PROBLEM STATEMENT:
The data below should be copied out exactly, with its pictures omitted.

MATERIAL SUPPLIED:
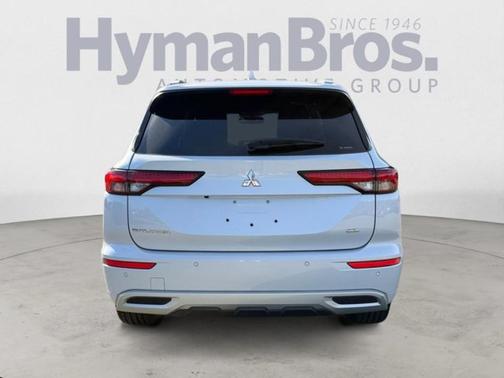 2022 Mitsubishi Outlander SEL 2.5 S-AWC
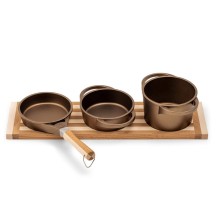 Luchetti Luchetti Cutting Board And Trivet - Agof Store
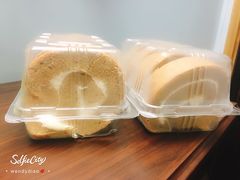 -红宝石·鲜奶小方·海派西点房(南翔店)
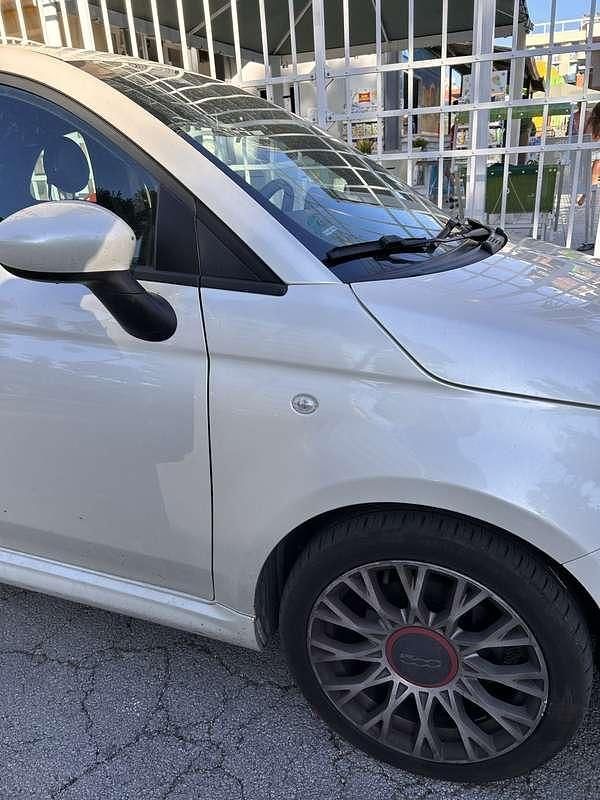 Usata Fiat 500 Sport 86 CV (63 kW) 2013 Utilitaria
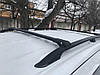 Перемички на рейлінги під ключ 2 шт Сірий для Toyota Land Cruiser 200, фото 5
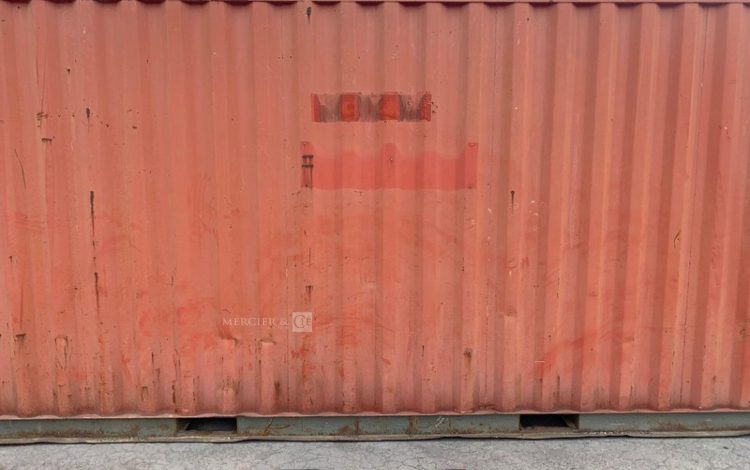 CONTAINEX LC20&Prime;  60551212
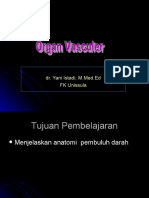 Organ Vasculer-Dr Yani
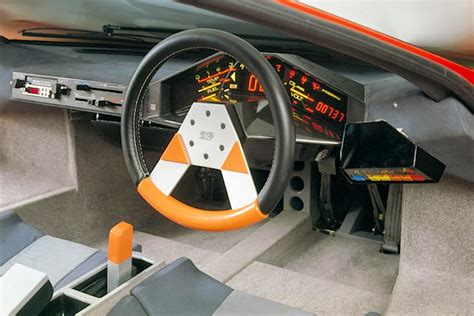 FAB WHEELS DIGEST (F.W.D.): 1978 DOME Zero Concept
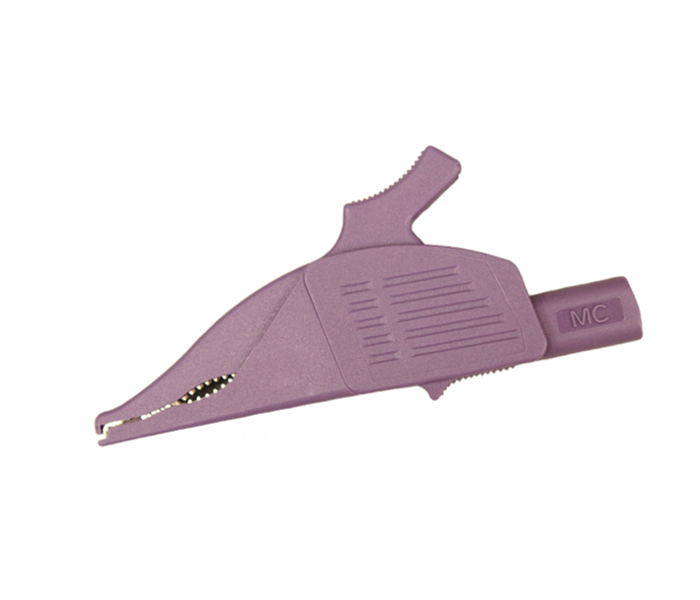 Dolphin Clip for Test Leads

TASK OUTPUT:
 2022 Mitsubishi Outlander SEL 2.5 S-AWC
 Luchetti Luchetti Cutting Board And Trivet - Agof Store
 -红宝石·鲜奶小方·海派西点房(南翔店)
 Usata Fiat 500 Sport 86 CV (63 kW) 2013 Utilitaria
 Перемички на рейлінги під ключ 2 шт Сірий для Toyota Land Cruiser 200, фото 5
 CONTAINEX LC20&Prime;  60551212
 Organ Vasculer-Dr Yani
 FAB WHEELS DIGEST (F.W.D.): 1978 DOME Zero Concept
 Dolphin Clip for Test Leads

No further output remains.